I'm new to using Wyndham points to rent out vacation. I just want to do this to help with off-set my timeshare expenses. Looking advice.


----------



## SNA27 (Jan 19, 2020)

This is my dream thread. Let renting wisdom flow.


----------



## chapjim (Jan 19, 2020)

Bottom Line Up Front:  Unless you are VIP Platinum, I would forget about actually turning a profit renting Wyndham reservations.  If you aspire to merely recovering some funds from otherwise unused points, you may be okay.

I have no tips to add to what I wrote over five years ago.  It is all still true but it has become incredibly more difficult and time-consuming that it was even then due to some changes Wyndham made in 2017.

Here is the main point and I would accept it as fact.  Unless you have some level of VIP with its discounts and possibilities of upgrades, you will find it almost impossible to rent and not lose money on the points you use for the rental.  You may be okay with that.  It's better than letting the points expire.  The exception to this is event weeks, which have always been special.  If your home resort is in a town with major events (the examples from 2014 were Mardi Gras, Bike Week in Daytona, and Spring Break but there are many others) and if you can secure a reservation, you might cover your maintenance fees for the points required to make the reservation.

Here's the other point.  Even with VIP status, the probability of getting a discount for major events is next to zero and the probability of an upgrade 60 days before check-in is very low.  It does happen but not often.  I have Mardi Gras reservation for late February and have not had any upgrades.  I made the reservations last summer so they are full price reservations -- no discount.  Same goes for my Bike Week and Spring Break reservations -- all full price reservations.  Finding a cancellation for a major event is a matter of persistence but mostly luck -- finding it before someone else does.


----------



## SNA27 (Jan 20, 2020)

Nothing beats a 'business' rental. Whether it's a family member able to charge the Wyndham stay to his company or a reservation sought by someone attending a conference paid for by his organization, ime. Those are 'top-dollar' rentals! it's the addictive OPM! Other People's Money! People spend it more freely than their own!


----------



## sandkastle4966 (Jan 25, 2020)

Do ya'll realize you are reading posts from 2014?    The landscape has changed.   Several of the "mega renters" are now gone...…..


----------



## paxsarah (Jan 25, 2020)

sandkastle4966 said:


> Do ya'll realize you are reading posts from 2014?    The landscape has changed.   Several of the "mega renters" are now gone...…..


A solution to this that wouldn’t have re-bumped it to the top of of forum after last having been posted in 5 days ago, is to use the report link in the first post and use it to ask a mod to add 2014 (or whatever the year is) to the title.
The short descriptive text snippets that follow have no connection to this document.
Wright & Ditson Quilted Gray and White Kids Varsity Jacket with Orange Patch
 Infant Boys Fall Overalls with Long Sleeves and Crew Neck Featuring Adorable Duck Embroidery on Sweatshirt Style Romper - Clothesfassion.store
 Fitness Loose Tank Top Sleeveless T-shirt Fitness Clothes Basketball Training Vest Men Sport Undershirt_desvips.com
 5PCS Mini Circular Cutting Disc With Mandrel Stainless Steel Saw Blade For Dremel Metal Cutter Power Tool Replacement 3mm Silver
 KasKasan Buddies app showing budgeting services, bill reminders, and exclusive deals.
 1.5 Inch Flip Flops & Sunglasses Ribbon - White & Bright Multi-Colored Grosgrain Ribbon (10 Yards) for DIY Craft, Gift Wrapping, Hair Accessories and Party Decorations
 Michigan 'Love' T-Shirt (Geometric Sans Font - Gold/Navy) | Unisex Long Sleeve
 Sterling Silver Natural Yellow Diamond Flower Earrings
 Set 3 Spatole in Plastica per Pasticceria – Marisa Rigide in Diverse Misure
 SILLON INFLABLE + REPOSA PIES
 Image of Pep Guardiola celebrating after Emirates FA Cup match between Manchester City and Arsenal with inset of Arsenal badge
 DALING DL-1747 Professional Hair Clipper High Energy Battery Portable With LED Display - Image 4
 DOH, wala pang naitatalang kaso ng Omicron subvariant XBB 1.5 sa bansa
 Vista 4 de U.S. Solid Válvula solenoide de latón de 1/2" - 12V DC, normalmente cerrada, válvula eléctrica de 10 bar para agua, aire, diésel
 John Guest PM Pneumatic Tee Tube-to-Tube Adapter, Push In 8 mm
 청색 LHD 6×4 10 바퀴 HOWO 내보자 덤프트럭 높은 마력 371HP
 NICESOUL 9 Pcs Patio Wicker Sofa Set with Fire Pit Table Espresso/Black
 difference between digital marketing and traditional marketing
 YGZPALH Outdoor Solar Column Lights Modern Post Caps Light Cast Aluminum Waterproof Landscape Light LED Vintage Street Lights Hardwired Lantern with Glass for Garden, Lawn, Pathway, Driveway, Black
I do this whenever I see a years-old thread bumped, and they do update the thread title accordingly.


----------



## chapjim (Jan 25, 2020)

sandkastle4966 said:


> Do ya'll realize you are reading posts from 2014?    The landscape has changed.   Several of the "mega renters" are now gone...…..



Yes, of course I realized the original post is from 2014 and so did DaphyTUG2020.  Daphy responded to my post in 2014, so I responded back.  I emphasized that things have changed and that many of the big renters are no longer with us.


----------